**Dataset excerpt:**
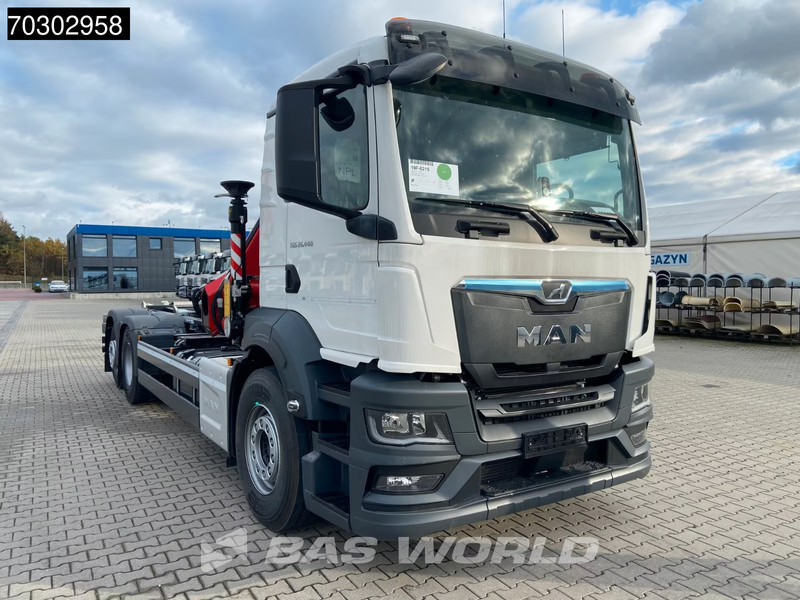 MAN TGS 26.440 6X2 NEW! Fassi 235A Crane Hyva 20-57-S Lift+ Steering Axle Euro 6 - Camion ampliroll, Camion grue: photos 3 MAN TGS 26.440 6X2 NEW! Fassi 235A Crane Hyva 20-57-S Lift+ Steering Axle Euro 6 - Camion ampliroll, Camion grue: photos 3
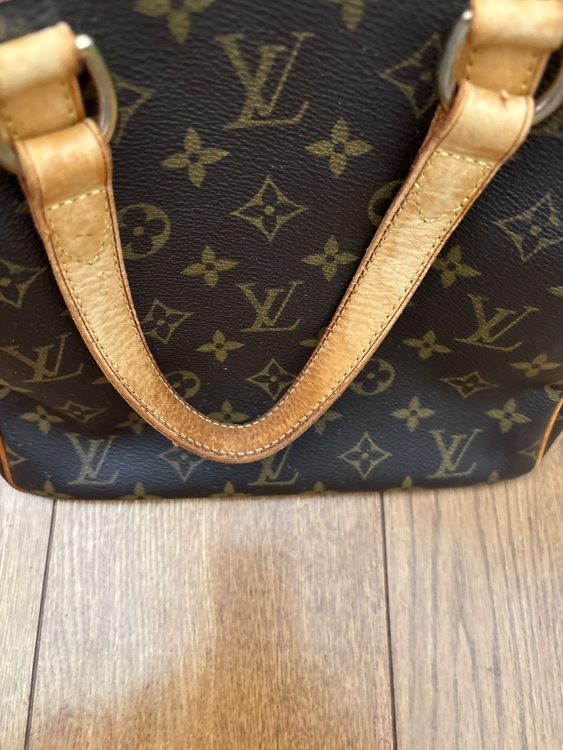 バニティニヨールハンドバック（ブランドバッグ）の商品画像 - 査定依頼日：2025年12月19日 - 最高査定価格：55,000円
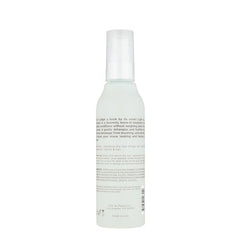 Hairitage detangling spray mist-on-hair closeup—fast detangling on damp strands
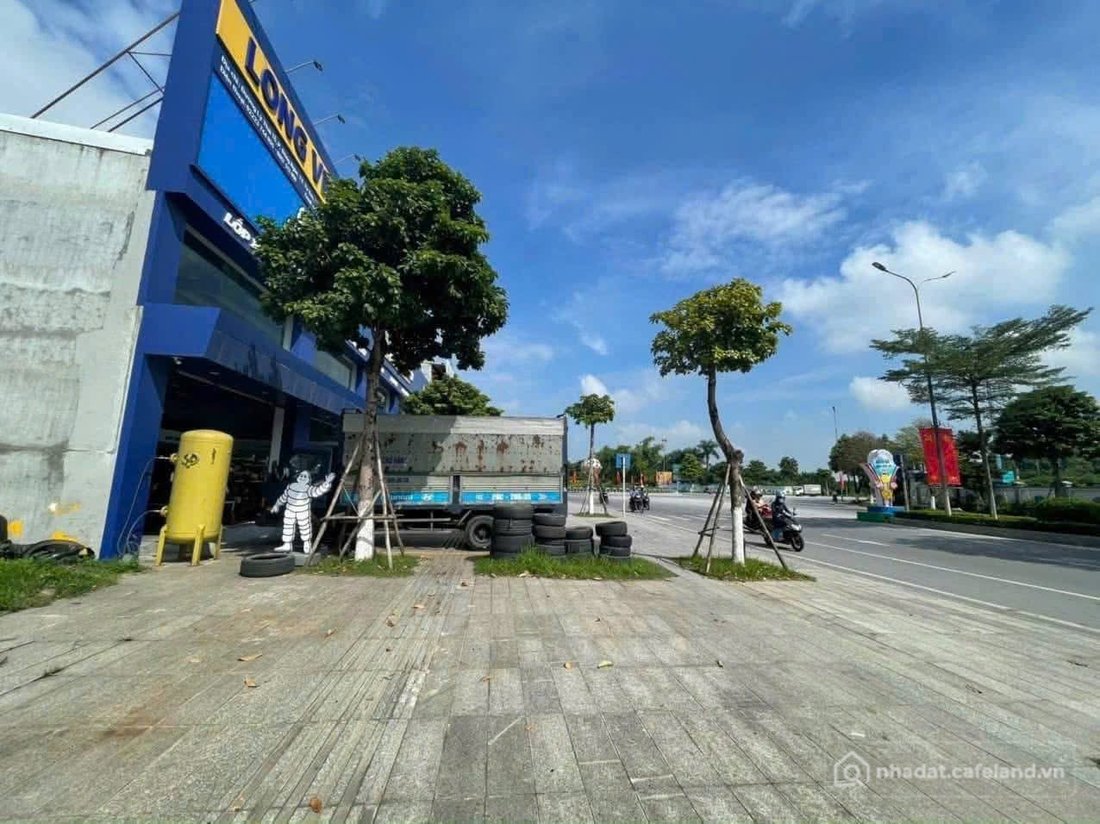 Bán đất thổ cư: Bán 130m đất cạnh siêu thị dabaco từ sơn và đền đô. Mặt đường lý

**Assigned task:**
Restate word for word the lines starting at the one that contains "バニティニヨールハンドバック（ブランドバッグ）の商品画像 - 査定依頼日：2025年12月19日" and ending at the last line of the data. Skip every picture.

**Expected output:**
 バニティニヨールハンドバック（ブランドバッグ）の商品画像 - 査定依頼日：2025年12月19日 - 最高査定価格：55,000円
 Hairitage detangling spray mist-on-hair closeup—fast detangling on damp strands
 Bán đất thổ cư: Bán 130m đất cạnh siêu thị dabaco từ sơn và đền đô. Mặt đường lý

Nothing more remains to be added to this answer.